Secretary, Council of State Security and Crisis Management
- In office January 2014 – 5 November 2014
- Prime Minister: Irakli Garibashvili
- Preceded by: Office established
- Succeeded by: Davit Sujashvili

Personal details
- Born: 26 July 1978 (age 47) Tbilisi, Georgian SSR, Soviet Union (Now Georgia)
- Spouse: Ekaterine Janelidze
- Children: Three
- Alma mater: Academy of the State Security of Georgia

Military service
- Allegiance: Georgia
- Branch/service: Georgian Intelligence Service
- Years of service: 2000–2012
- Rank: Reserve Colonel

= Mindia Janelidze =

Georgian politician (born 1978)

Mindia Janelidze (მინდია ჯანელიძე; born 26 July 1978) is a Georgian security official and politician who as the country's Minister of Defense in the Cabinet of Irakli Garibashvili from 5 November 2014 to 1 May 2015. In May 2015, he was appointed Secretary of Council of State Security and Crisis Management, an office he had once filled from January to November 2014.

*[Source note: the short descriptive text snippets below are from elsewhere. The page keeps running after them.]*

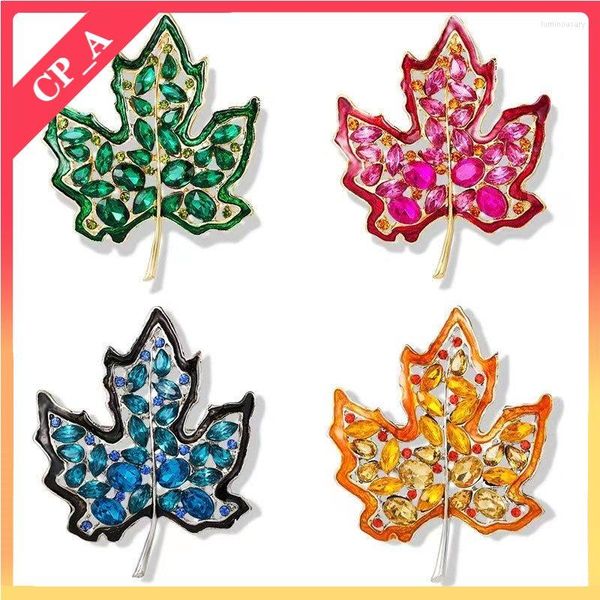 Broches de arce de piedras preciosas grandes multicolores, joyería de diamantes de imitación verdes y rojas, Pin de moda, hermoso regalo de boda, accesorios para mujer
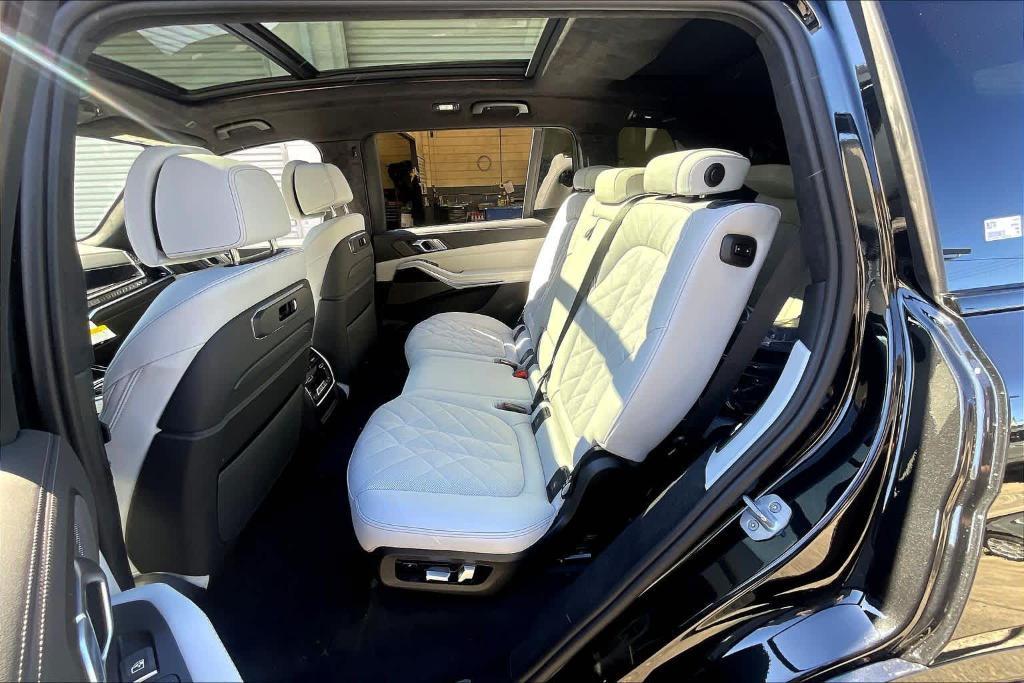 new 2026 BMW X7 car, priced at $95,765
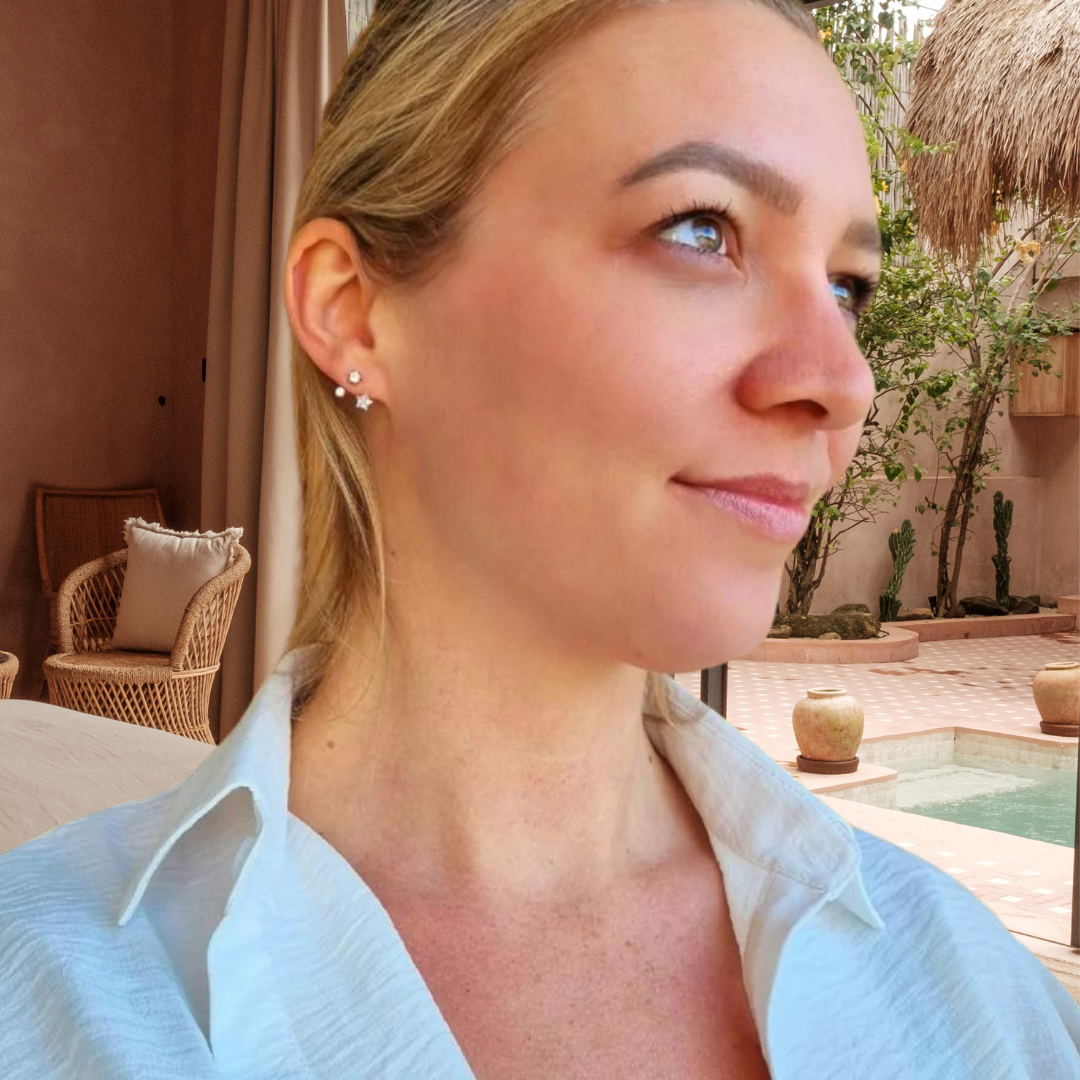 Roca de Piña - Seri earrings - rhodiumplated 925 sterling silver - white zirconia - stud- earcandy- festive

== Early life and career ==
Janelidze was born in Tbilisi, the capital of then-Soviet Georgia in 1978. He graduated from the Academy of the State Security of Georgia with a degree in law in 2000. He served as a field officer for Georgia's Foreign Intelligence Service from 2000 to 2004 and held various positions in the intelligence agencies from 2004 to 2012. He directed Georgia's Interior Ministry's Counter-Intelligence Department from 2012 until being appointed, in January 2014, as an aide to Prime Minister and Janelidze's former superior as the Interior Minister, Irakli Garibashvili, in national security issues and secretary of the recently established Council of State Security and Crisis Management.

== Defense Minister ==
On 5 November 2014 Mindia Janelidze was appointed by Prime Minister Garibashvili as Minister of Defense following the controversial dismissal of Irakli Alasania. Janelidze vowed to continue NATO-oriented "course of development of the armed forces". In his new capacity, Janelidze took part in negotiations with NATO officials over the implementation of "Substantial Package" offered by the alliance to Georgia at its 2014 Wales summit and oversaw the departure of Georgian troops as part of the country's continued commitment to the NATO-led efforts in Afghanistan, now within the frame of follow-on Resolute Support Mission.

Janelidze and his ministry became embroiled in a controversy over the Ministry's statement on the death of Aleksandre Grigolashvili, a pro-Ukrainian Georgian volunteer fighter, in the War in Donbass on 20 December 2014. The statement—blaming Georgia's former government for the death, and calling "on the citizens not to yield to provocation and not to endanger own lives in exchange of various offers”—drew widespread condemnation from several opposition and some ruling Georgian Dream coalition politicians as well as wider public. The opposition and formerly ruling United National Movement demanded that Janelidze resigned. The Ministry was forced to remove the text from its website and apologize, saying Janelidze had not been familiar with its content prior to its publication. The minister himself declined to make further comments, adding that it was not in Georgia's "national interests to participate in any military conflict" in Ukraine. Janelidze was replaced with Tinatin Khidasheli in the cabinet reshuffle on 1 May 2015.